Тогда Штыков вернулся в архив и в конце концов нашел то, что искал.
— Документ вряд ли можно назвать продолжением дневника, он больше похож на исповедь, но главное — благодаря ему мы узнали, что Алексей Александрович действительно собирался подарить племяннику портреты его четырех дочерей! Однако война сделала затею неуместной. А после и сам князь впал в немилость. В итоге был написан один-единственный портрет, великой княжны Ольги, старшей дочери, но и тот не был востребован да так и остался у художника. Конечно, на всякий случай мы изучили все ее известные изображения.
Штыков снова полез в карман и достал несколько фотографий.
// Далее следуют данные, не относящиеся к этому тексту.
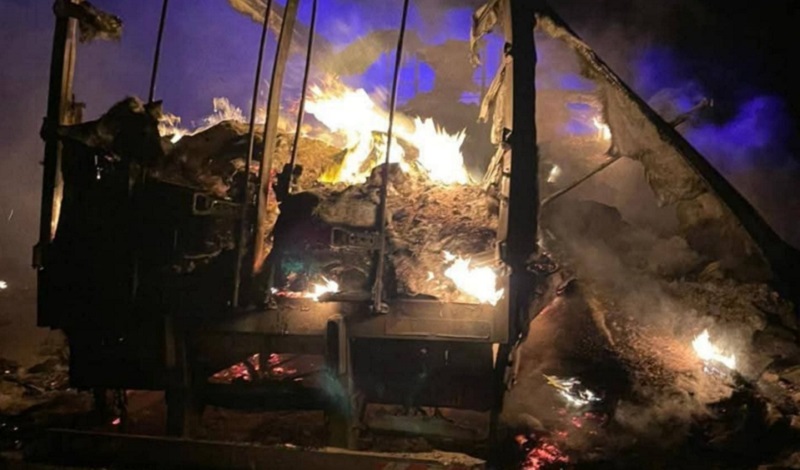 Camion Incendio Frutas Puelen 8enero2025 1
— Ошибки быть не может — это она!
— Что ж, Михаил Африканович, хорошая работа, поздравляю! — Не глядя на фотографии, Жуковский похлопал его по плечу. — Это действительно интересная новость!
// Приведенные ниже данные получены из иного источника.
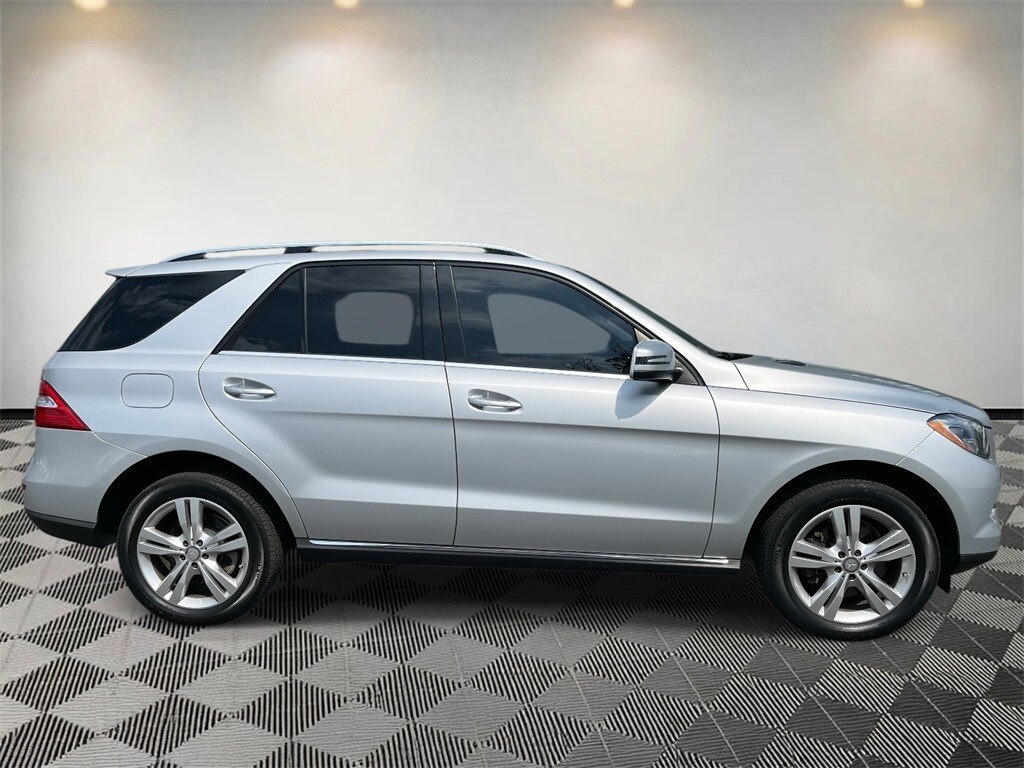2015 Mercedes Benz ML 350 4MATIC photo 2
Штыков бросил на собеседника настороженный взгляд: человек, получающий пятьсот долларов в час, знал, что следует за такой похвалой.
— Но, — не разочаровал его Жуковский, — мы так и не выяснили главного — что это за матрешка и что с нею стало. Я ведь об этом вас просил?
7
В начале июня в Москве как всегда похолодало, и начальника ДЕЗа Пантелеймона Никаноровича Капралову пришлось звать к себе в кабинет. Сперва, правда, вместо него пришла Шахноза и прочитала лекцию об озеленении придомовых территорий. Пользуясь случаем, Капралов пытался разузнать про футбольного фаната и его отца, но ничего нового не услышал. В другой день, к досаде «Луки Романыча», явился профессор и битый час перечислял наглядные приметы скорого экономического кризиса. Психиатру повезло лишь с третьей попытки.
С Пантелеймоном Никаноровичем он уже раньше встречался, а потому сразу узнал одному ему свойственную живость речи, пожалуй, даже излишнюю беглость, по причине которой тот часто проглатывал окончания слов, словно его речевой аппарат не поспевал за мыслительным. В представлении Капралова это было весьма нехарактерно для управляющего коммунальным хозяйством или другого типичного муниципального начальника, обычно предпочитающих помалкивать. Впрочем, Пантелеймон Никанорович не был типичным муниципальным начальником.
— Хоть убейте, не понимаю, чего вам далась эта Шахноза и почему я должен рассказывать, что о ней думаю, — говорил Пантелеймон Никанорович, сидя в кресле и положив руки ладошками на колени, как детсадовец. — Да ничего я о ней не думаю! У меня таких Шахноз в подчинении тыща штук. Все они смирные, проблем с ними нет. Сидят по подвалам, зеленый чай пьют. Чего еще желать? А строгость — так это для профилактики. Я с ними со всеми строг. Но ведь и справедлив!
Капралов, в белом медицинском халате, заинтересованно поглядывал на Пантелеймона Никаноровича и время от времени что-то писал специальным врачебным почерком в большую тетрадь, лежащую у него на коленях. Однако от писателя сегодня в нем не было и следа, обычная рутинная встреча врача с пациентом.
Последние недели прошли для писателя Капралова совершенно бесплодно: обострившийся на Пасху творческий кризис лишь углублялся. Вопреки желаемому, идеи в его голове возникали одна безумнее другой. Ежедневно исписывая по нескольку страниц в картах пациентов, он все чаще с мрачной горечью признавался себе, что так и останется пишущим психиатром, но не станет писателем. «Если настоящей музе и суждено меня посетить, — думал он, глядя на Пантелеймона Никаноровича, — то это будет Мельпомена, муза трагедии, и придет она не на страницы моего несуществующего романа, а прямо в мою жизнь!»